# #11 charger afx



## JONNYSLOTS (Apr 10, 2011)

was one made with a confederate flag on the hood? number 11 are white
lmk


----------



## 70ss (Aug 22, 2005)

http://www.ebay.com/itm/AFX-Rebel-Charger-/321042819372?pt=Slot_Cars&hash=item4abfa4a92c



Like this one. Then yes


----------



## JONNYSLOTS (Apr 10, 2011)

ok dumb question does it go for that price all the time is it rare?


----------



## pshoe64 (Jun 10, 2008)

*Reference Site*

I'm in the middle of upgrading/changing my slot car reference site, so some material is at one or the other. Both have Aurora AFX references as well as other makes.

-Paul

Speed Inc Old Site

Speed Inc New Site


----------



## JONNYSLOTS (Apr 10, 2011)

Thanks working on a deal will post pics if all goes good.


----------



## vansmack2 (Feb 9, 2012)

Yes they are rare, and go for those kind of prices on EBAY. How rare I don't know. I need that Bob Beers book.


----------



## plymouth71 (Dec 14, 2009)

Not too hard to find if you keep them in captivity and breed them !


----------



## JONNYSLOTS (Apr 10, 2011)

Cool wait till i post the pics tonight of todays deals


----------



## rdm95 (May 8, 2008)

Saw this in a wanted ad on Craigslist.. The guy is looking for more slot cars for kids to play with at his church. I messaged him to see if he would sell me the #11 before it gets destroyed..


----------



## NTxSlotCars (May 27, 2008)

Get me that Gplus F1 Ferrari while you're at it!


----------



## plymouth71 (Dec 14, 2009)

rdm95 said:


> Saw this in a wanted ad on Craigslist.. The guy is looking for more slot cars for kids to play with at his church. I messaged him to see if he would sell me the #11 before it gets destroyed..



LoL... Thats My Ad.


----------



## Hilltop Raceway (Feb 12, 2006)

Doh!!!


----------



## slotcarman12078 (Oct 3, 2008)

Small world, yeah? :lol:


----------



## rdm95 (May 8, 2008)

plymouth71 said:


> LoL... Thats My Ad.


haha..really?


----------



## plymouth71 (Dec 14, 2009)

Yeah... and just one question? Whats with the low ball offer on the car?


----------



## rdm95 (May 8, 2008)

plymouth71 said:


> Yeah... and just one question? Whats with the low ball offer on the car?

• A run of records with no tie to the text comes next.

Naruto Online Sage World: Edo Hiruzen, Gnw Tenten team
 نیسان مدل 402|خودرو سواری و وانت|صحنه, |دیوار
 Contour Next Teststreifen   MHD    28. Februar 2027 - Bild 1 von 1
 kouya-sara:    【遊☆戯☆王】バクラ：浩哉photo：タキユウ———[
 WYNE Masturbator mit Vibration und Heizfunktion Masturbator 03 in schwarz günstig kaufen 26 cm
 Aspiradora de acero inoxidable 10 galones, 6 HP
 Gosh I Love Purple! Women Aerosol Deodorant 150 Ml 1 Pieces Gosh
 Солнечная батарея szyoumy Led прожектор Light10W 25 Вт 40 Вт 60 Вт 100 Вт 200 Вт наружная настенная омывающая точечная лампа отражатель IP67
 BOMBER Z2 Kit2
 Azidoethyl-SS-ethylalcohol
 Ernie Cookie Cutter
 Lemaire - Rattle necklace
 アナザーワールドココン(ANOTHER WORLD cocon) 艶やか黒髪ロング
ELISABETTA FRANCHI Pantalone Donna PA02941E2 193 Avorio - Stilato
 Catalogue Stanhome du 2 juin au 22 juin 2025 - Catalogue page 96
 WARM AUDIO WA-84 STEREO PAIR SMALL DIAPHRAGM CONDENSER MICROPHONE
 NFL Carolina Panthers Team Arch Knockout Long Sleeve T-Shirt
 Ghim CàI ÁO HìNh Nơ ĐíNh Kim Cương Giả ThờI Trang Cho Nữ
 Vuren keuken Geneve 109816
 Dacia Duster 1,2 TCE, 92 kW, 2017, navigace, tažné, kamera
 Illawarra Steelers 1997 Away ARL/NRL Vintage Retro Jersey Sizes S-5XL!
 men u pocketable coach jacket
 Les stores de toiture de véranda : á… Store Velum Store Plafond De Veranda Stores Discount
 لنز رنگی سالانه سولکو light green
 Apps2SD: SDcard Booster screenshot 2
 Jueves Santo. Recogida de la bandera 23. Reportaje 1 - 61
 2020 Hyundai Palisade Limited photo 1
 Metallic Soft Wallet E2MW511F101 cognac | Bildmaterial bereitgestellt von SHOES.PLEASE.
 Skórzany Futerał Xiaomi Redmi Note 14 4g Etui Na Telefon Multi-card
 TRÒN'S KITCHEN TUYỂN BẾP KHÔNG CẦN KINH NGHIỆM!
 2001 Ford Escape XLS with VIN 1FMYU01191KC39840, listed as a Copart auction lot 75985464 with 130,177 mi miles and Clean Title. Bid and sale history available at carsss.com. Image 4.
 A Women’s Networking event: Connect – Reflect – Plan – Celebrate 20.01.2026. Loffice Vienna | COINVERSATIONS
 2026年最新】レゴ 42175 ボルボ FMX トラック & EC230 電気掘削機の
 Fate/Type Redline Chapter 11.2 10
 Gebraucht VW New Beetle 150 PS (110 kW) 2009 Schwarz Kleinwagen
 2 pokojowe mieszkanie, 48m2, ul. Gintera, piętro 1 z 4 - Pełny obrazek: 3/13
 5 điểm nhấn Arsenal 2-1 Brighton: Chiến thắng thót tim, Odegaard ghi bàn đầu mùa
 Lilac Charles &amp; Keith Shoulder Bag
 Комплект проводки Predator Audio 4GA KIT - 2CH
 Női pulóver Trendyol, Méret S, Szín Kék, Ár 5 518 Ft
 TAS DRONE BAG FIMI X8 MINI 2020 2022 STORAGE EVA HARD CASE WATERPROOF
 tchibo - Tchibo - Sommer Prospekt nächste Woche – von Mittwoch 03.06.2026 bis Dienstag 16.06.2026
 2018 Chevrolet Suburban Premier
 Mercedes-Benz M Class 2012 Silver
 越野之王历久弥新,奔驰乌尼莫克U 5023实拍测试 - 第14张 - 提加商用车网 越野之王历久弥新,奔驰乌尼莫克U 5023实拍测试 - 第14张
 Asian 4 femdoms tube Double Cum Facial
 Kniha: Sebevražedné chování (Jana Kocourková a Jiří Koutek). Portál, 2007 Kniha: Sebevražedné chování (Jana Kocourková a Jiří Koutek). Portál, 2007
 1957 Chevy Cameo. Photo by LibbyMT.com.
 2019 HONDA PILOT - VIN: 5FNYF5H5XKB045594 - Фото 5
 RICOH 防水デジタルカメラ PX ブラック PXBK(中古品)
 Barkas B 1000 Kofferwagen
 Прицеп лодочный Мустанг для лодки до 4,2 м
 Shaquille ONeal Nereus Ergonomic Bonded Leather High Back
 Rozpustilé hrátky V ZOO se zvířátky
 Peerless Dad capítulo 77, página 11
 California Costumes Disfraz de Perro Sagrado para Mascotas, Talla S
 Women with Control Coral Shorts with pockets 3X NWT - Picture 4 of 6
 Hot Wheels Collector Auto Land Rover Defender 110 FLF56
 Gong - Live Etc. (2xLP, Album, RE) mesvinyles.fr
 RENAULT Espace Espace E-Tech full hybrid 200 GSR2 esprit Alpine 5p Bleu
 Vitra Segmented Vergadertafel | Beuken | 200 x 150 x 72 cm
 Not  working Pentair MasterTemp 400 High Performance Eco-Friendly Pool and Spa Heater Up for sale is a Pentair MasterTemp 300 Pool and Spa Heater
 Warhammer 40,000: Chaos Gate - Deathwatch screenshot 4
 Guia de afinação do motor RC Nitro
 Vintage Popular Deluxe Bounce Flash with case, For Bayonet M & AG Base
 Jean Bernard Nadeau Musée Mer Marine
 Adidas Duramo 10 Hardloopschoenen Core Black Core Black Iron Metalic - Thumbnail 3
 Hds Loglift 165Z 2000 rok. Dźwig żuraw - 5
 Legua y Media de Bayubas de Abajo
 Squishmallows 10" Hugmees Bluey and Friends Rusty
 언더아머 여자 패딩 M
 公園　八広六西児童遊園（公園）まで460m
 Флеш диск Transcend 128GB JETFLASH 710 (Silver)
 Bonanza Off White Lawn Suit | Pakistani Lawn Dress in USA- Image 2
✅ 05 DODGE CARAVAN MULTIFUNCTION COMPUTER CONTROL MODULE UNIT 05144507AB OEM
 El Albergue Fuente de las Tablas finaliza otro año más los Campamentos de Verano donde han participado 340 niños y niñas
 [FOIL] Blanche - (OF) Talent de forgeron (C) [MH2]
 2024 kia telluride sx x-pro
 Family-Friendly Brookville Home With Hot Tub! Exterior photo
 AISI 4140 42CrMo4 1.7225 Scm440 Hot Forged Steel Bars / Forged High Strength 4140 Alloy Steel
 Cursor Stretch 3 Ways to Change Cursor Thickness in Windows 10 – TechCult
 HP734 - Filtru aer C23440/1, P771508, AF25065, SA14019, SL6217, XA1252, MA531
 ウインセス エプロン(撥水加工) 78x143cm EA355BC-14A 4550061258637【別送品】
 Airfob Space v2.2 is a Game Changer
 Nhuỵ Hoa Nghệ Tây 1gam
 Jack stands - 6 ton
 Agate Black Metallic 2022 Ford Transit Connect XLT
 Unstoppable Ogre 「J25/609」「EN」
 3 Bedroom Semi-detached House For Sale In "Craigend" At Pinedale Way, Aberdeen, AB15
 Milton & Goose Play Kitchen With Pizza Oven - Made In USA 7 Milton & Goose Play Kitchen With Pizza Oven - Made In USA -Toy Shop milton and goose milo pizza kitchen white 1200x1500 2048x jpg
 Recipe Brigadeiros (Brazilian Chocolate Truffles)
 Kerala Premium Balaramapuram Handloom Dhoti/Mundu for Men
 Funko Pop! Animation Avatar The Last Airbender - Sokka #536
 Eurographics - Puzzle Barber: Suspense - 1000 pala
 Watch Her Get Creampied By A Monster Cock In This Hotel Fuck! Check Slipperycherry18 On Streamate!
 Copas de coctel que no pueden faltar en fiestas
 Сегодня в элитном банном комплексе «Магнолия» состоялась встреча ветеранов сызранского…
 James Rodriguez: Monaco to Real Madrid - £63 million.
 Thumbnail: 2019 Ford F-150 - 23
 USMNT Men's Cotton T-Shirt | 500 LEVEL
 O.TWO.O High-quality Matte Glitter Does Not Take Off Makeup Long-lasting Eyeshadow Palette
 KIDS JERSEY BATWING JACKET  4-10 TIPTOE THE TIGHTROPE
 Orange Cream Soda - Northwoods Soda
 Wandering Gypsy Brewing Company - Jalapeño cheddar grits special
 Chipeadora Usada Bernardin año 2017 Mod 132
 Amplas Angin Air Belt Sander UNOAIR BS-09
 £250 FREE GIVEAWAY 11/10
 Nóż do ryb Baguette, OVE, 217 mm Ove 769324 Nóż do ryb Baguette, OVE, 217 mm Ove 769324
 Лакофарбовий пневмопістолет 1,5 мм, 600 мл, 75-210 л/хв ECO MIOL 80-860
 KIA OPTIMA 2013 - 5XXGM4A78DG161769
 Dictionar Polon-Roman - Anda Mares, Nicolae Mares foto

I thought it was fair..lol I was gonna offer $20


----------



## plymouth71 (Dec 14, 2009)

I might sell you one of my clones for $50.00 LOL


----------



## rdm95 (May 8, 2008)

lol Im sure you would


----------



## NTxSlotCars (May 27, 2008)

Think you might sell the F1 Ferrari Gplus body?


----------